Activity:
Among the records, find the lines that hold the string "pièces" and return them.

*** Opening Data supplied ***

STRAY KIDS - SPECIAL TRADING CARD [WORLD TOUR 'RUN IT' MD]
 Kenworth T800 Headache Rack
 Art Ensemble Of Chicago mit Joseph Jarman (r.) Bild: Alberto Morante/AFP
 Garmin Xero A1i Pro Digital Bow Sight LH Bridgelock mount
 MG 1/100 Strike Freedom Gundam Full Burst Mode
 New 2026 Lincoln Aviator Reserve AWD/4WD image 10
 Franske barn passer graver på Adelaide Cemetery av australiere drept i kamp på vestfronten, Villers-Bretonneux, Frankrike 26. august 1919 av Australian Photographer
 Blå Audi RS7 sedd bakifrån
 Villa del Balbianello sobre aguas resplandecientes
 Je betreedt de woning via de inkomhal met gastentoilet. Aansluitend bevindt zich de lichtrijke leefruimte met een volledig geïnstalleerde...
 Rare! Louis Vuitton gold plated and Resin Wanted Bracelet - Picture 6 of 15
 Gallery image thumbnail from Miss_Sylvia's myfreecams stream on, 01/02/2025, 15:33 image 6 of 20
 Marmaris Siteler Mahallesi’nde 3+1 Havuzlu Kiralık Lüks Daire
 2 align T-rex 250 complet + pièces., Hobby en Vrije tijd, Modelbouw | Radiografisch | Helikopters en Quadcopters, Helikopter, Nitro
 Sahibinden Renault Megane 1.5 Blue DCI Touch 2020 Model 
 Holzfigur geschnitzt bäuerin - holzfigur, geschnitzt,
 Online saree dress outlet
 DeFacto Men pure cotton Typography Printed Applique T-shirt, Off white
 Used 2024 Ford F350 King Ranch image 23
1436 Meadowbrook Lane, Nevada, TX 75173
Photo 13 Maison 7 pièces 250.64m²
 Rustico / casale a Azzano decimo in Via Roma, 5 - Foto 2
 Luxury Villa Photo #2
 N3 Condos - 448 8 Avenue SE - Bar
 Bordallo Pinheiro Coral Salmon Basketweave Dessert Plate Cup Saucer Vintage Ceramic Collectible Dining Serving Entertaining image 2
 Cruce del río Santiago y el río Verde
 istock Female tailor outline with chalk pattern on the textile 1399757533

*** Closing Data supplied ***

Written solution:
 2 align T-rex 250 complet + pièces., Hobby en Vrije tijd, Modelbouw | Radiografisch | Helikopters en Quadcopters, Helikopter, Nitro
Photo 13 Maison 7 pièces 250.64m²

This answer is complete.